Description: As part of the build-up of infrastructure for the 1984 Winter Olympic Games in Sarajevo, a brand new indoor ice-rink was constructed adjacent to Koševo Olympic Stadium. Work on this stadium began as soon as the announcement was made in 1978 that Sarajevo had won its bid to host the '84 Winter Olympics. The design for this arena was conceived by the architect duo Lidumil Alikalfić & Dušan Đapa, while engineering work was coordinated by Osman Morankić. Of all of the sports venues built for these Olympics in Sarajevo, Zetra Stadium was the most expensive, costing near a billion Yugoslav dinars to construct. Unveiled in January 1983 for the hosting of the World Junior Speed Skating Championships, the stadium's primary form is composed of six massive steel trusses which support the weight of the entire structure. Over this angular modernist construction was laid copper roof panels while the interior ceiling was left with its girders and utilities exposed. The seating capacity of the stadium is roughly 12,000. Interestingly, the name of the complex "Zetra" is somewhat mysterious and controversial, as its origin and meaning are not clear. The news outlet Radio Sarajevo relates how confusion over the stadium's name even incited some ethnic tensions in Sarajevo. During the 1984 Winter Olympic Games, competitive matches for speed skating, ice hockey and figure skating were held here, including the many medal ceremonies. At the end of the games, Zetra was used to host the Olympic Game's closing ceremonies. Some video clips depicting the events of the closing ceremony can be seen at THIS YouTube link.

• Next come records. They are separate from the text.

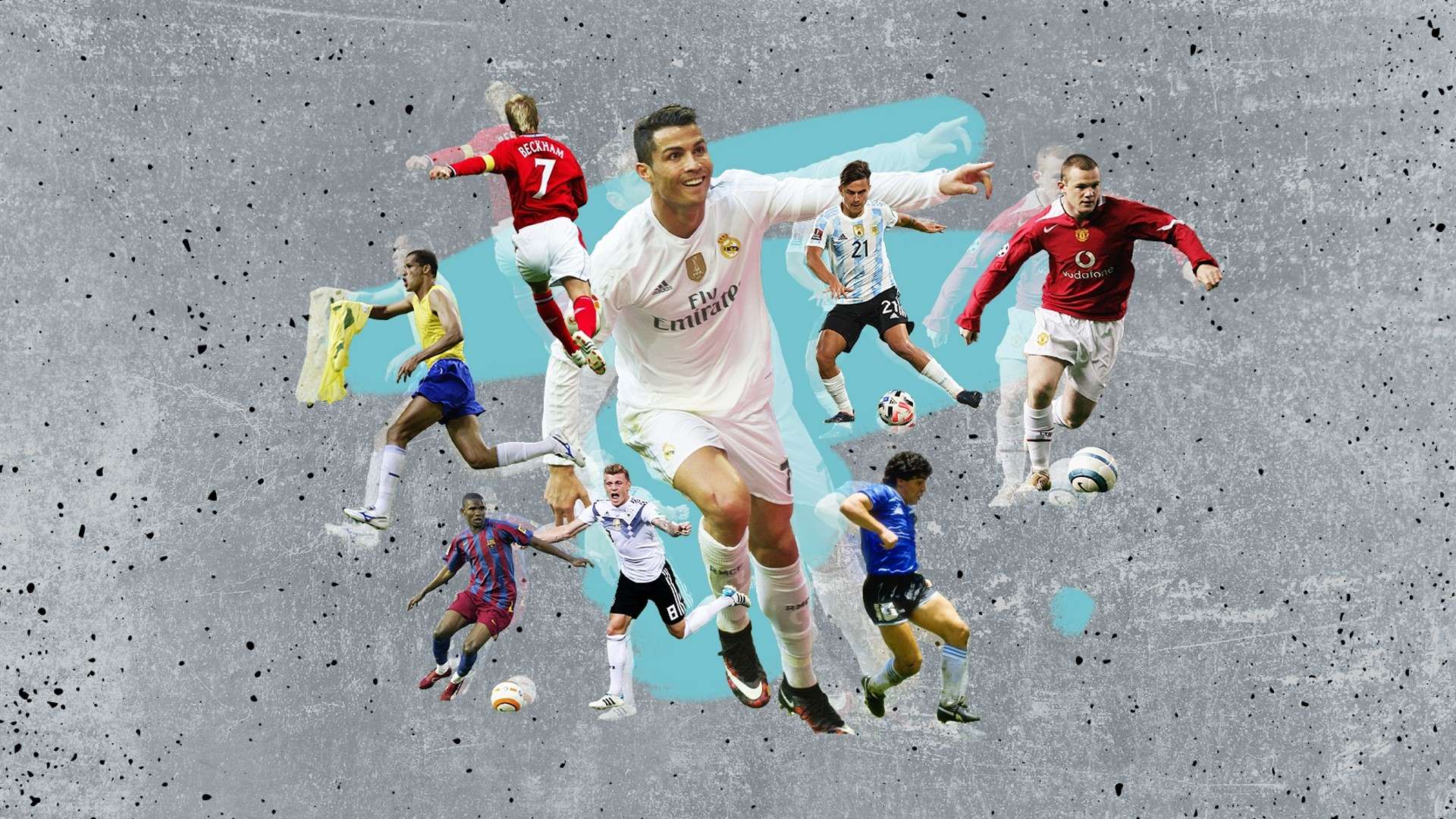 本赛季的 本赛季的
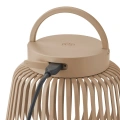 Lampa LITO LED XS, nomad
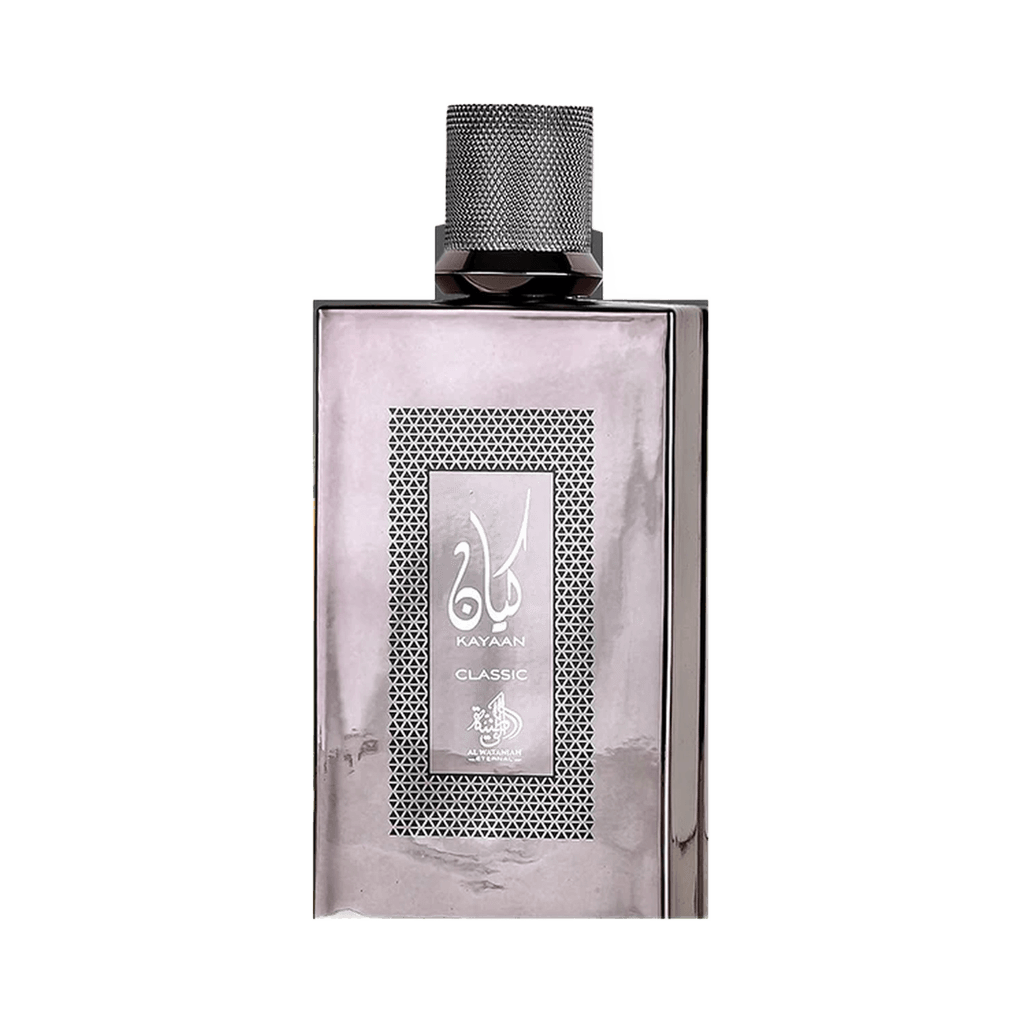 Kayaan Classic bottle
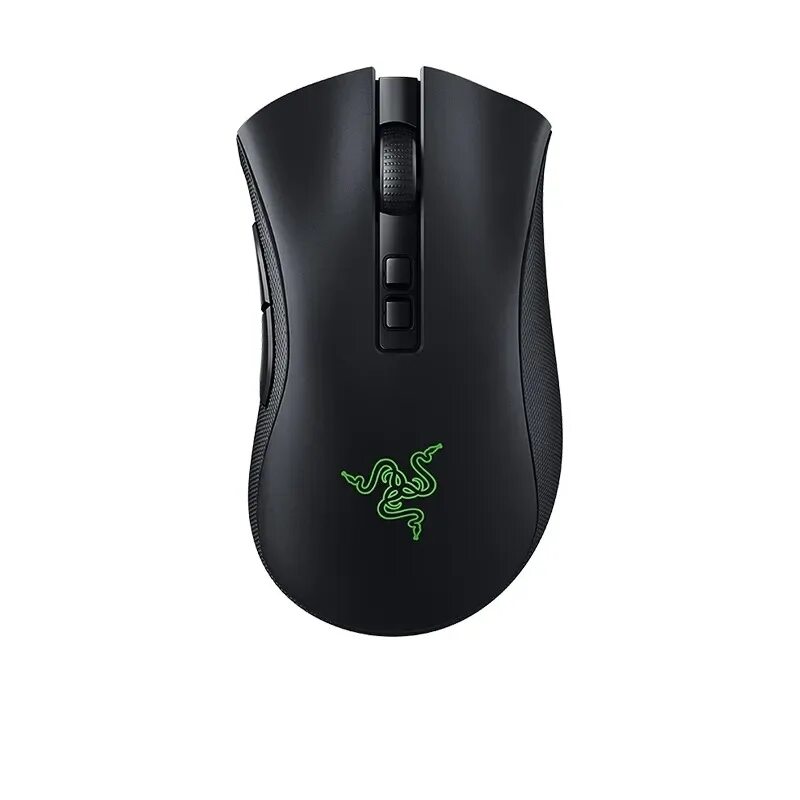 Razer мышь приложение. Мышь razer deathadder essential. razer deathadder v2 pro. игровая мышь razer viper mini. razer deathadder essential сенсор.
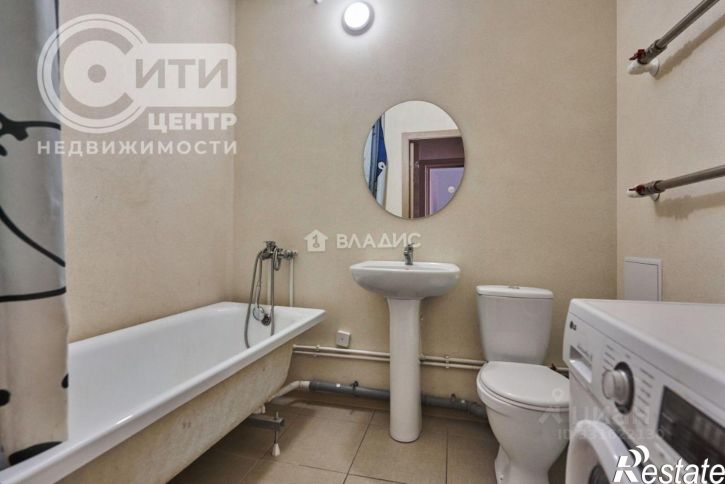 1-комн квартира ул Адмирала Чурсина, 18,  д. 18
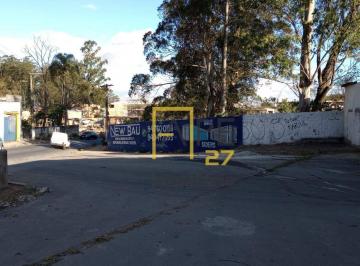 7c44aaac522be99f6c81aad6c17aa35a046e8bee · Galpão para alugar, 500 m² por R$ 26.300,00/mês - Jardim Arujá - Guarulhos/SP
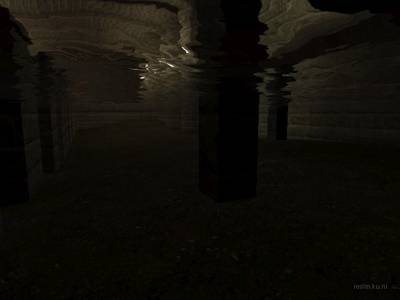 bhop_avloppet_opti thumb 14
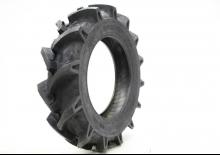 Agriculture tires BKT TR 171 16.9 - 30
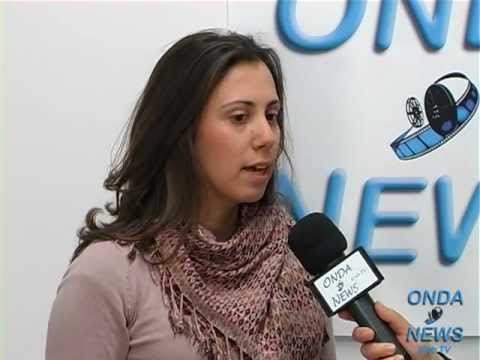 Sant'Arsenio:L'11 maggio 1°Convegno Informativo 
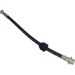 Bremsschlauch 52-0294
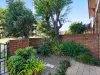 4/73 Orchardtown Rd, New Lambton, NSW 2305-Image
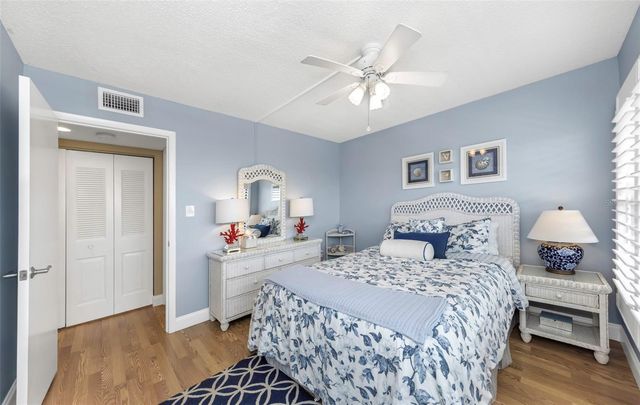 1324 PASADENA AVENUE S 607, South Pasadena, FL 33707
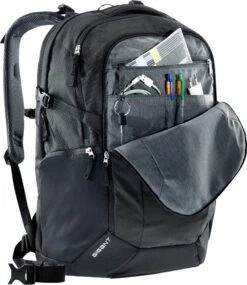 Deuter Gigant Backpack 32 Deuter Gigant Backpack -Luggage Promotion Store d642263c29a388baf1527742a2403fb08fb11edec162ac5252938bd8bf524fc1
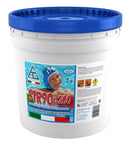 Cloro in Pastiglie da 200gr per Piscina 5 Kg Cag Chemical STR90-1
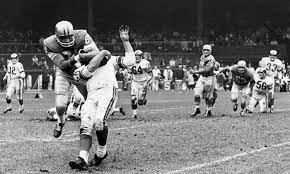 night-train-lane-cause-of-death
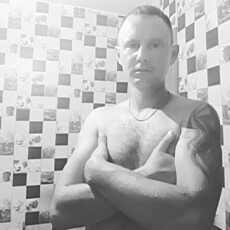 Фотография мужчины Роман, 36 лет из г. Свободный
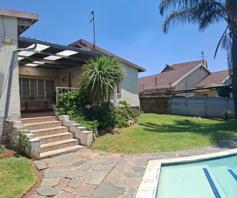 House for sale in Illiondale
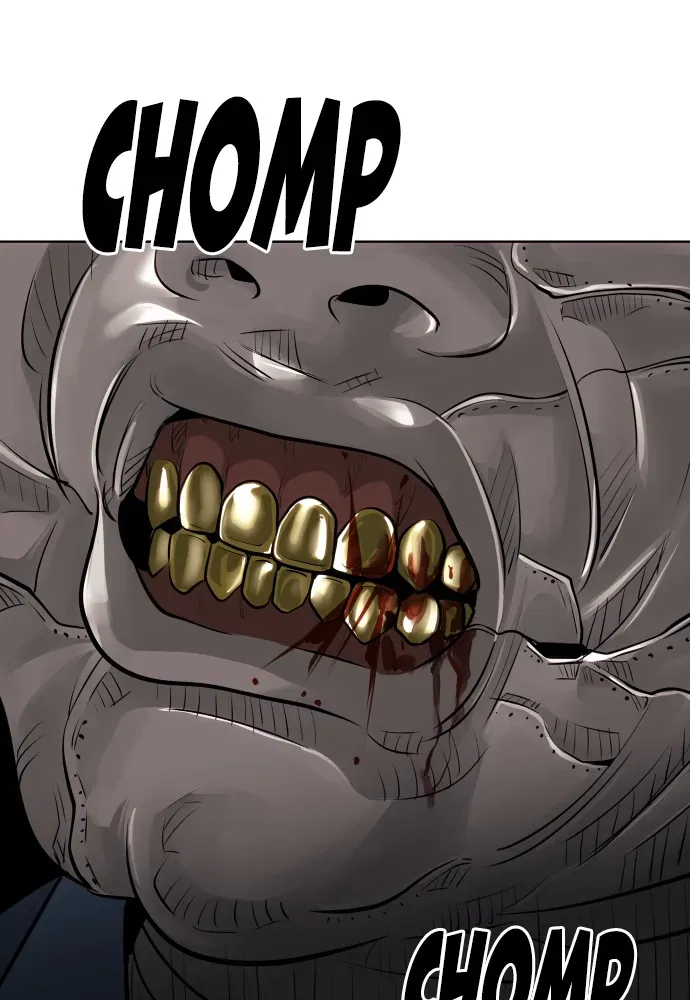Read Bloodhounds chapter 82 image 5 on Lezhin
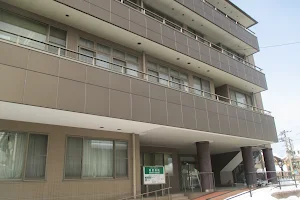 Keiai Hospital image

A vintage 1980s view of the original untarnished copper roof of Zetra Stadium. Credit: Arhitektura i Urbanizam 94/95

In the six years following the Olympic games, Zetra was used for a number of sporting and cultural events. However, as tensions boiled across Bosnia in the build-up to the Bosnian War in 1991, Zetra Stadium hosted a concert called "YUTEL za mir" (YUTEL for Peace), which was an anti-war event hosted by the Yugoslav National Broadcasting Agency 'Yutel'. It was attended by tens of thousands of young people from across the region. Video scenes from the concert can be watched at THIS YouTube link. This was the last major event held at Zetra before it was struck by missiles during the Siege of Sarajevo, which resulted in catastrophic damage to the arena. Also during the war, French soldiers with the United Nations used the burned-out ruins of Zetra Stadium as a military post. In 1993, the Sarajevo pop music group "Aid" filmed a music video for their song "Help Bosnia Now" in the ruins of Zetra, which can be watched at THIS YouTube link. After the war ended in 1995, Zetra was in an extremely dilapidated and damaged state, while the fields around the stadium were used as an improvised cemetery for the many across Sarajevo who perished during the war. Funds were put forward in 1997 by the International Olympic Committee (IOC), the City of Barcelona and the European Union to reconstruct Zetra Stadium, which was completed in 1999.

A 1990s-era view of war damage at the Zetra Olympic Hall in Sarajevo, with war casualties buried in the foreground. Credit:

Today, Zetra Stadium continues to operate an ice rink, which is used for a whole host of sporting events, while the arena also hosts many other sporting, musical and cultural events as well. The complex is often referred to as the "Juan Antonio Samaranch Olympic Hall", named in honor of the IOC head who worked towards reconstructing the stadium after the war's end. In addition, a modest museum exists within the arena dedicated to the history of Sarajevo's 1984 Winter Olympic Games.